1La BD nourrit et enrichit le lien social. Pas de manière aussi directe que les interactions sociales, l’apprentissage scolaire ou le travail. Mais la BD participe, comme tout média, à relier les individus les uns aux autres. Liens souples, légers, s’enracinant dans le plaisir singulier qu’elle offre, mais liens qui, du coup, permettent de conjuguer principe d’individuation et respect des altérités, qui sont au centre de nos démocraties pluriculturelles. La BD participe à la construction du vivre ensemble de deux manières différentes et complémentaires. D’une part, au niveau symbolique, elle offre une représentation de la réalité sociale. Représentation particulière qui n’entend pas, à la différence de la photographie ou de la télévision par exemple, enregistrer le monde tel qu’il est, mais qui offre un accès sensible à la réalité sociale. De plus, la BD est une industrie qui participe au lent processus de construction d’une culture commune d’une société qui évolue très lentement, mais sans cesse. En fabriquant des mythes communs (Tintin) en revisitant l’histoire commune (Astérix), la BD participe à l’élaboration d’un patrimoine et d’une sensibilité propre à une société donnée. D’autre part, au niveau des pratiques concrètes, la BD est créatrice de liens sociaux lorsqu’elle est utilisée par les organisations de la société civile pour lutter contre l’ostracisme affectant les malades du Sida, pour inviter les citoyens à participer à des outils de financements solidaires ou pour mobiliser les citoyens contre le nucléaire civil.

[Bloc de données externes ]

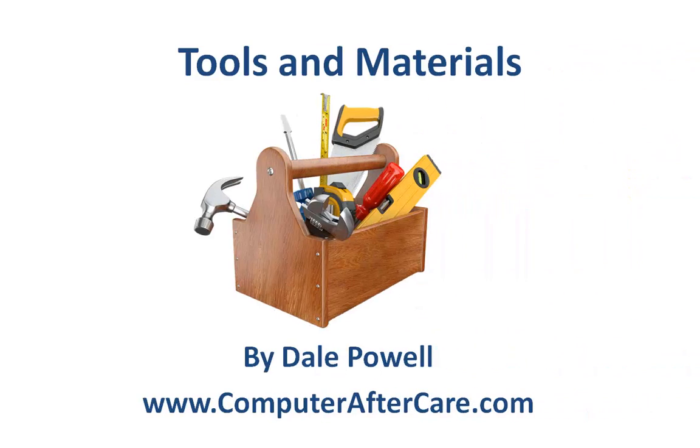Hi, this is Dale with Computer Aftercare again, and today I want to talk to you about the tools and materials that you'll need to maintain your computer.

2Nous avons éclairé cette participation symbolique et pragmatique de la BD à la constitution du lien social à travers trois thèmes :

  • La culture. La BD reflète et irrigue la culture d’une société donnée. Elle est donc le résultat d’une culture singulière comme le montre Hilaire Mbiye Lumbal à propos de la BD en Afrique francophone. Mais la BD est aussi le lieu de lecture d’une culture particulière comme l’indique le texte de Jonathan Haudot sur la mise en récit des génocides et l’encadré de Céline Bénéjean sur la psychanalyse.

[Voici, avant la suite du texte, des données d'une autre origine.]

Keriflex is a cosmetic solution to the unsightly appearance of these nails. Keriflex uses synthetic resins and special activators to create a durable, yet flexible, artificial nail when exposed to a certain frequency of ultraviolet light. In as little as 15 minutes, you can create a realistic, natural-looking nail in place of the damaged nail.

  • L’économie. La BD est une activité économique, c’est aussi un média qui propose une autre économie (textes d’Amélie Artis et Christophe Vadon), qui met en scène différentes théories monétaires (Jérôme Blanc) et qui donne des clefs pour devenir entrepreneur (encadré de Sandrine Le Pontois).
  • Le social. La BD nourrit de nombreuses activités associatives : elle est utilisée dans le domaine de la prévention des abus sexuels des jeunes enfants (E. Dacheux) et fut une arme dans la lutte sans merci opposant les mouvements de jeunesse laïcs et confessionnels (Éric Carton). Mais la BD peut également, parfois, établir une relation pédagogique entre universitaires et étudiants (Renaud Müller) ou devenir, de plus en plus souvent, un instrument de communication politique (E. Dacheux).
On le voit, si la BD n’est en rien comparable à une institution, elle est, justement parce qu’elle n’est pas en mesure d’imposer quoi que se soit, un plaisir singulier qui participe à l’élaboration du lien social.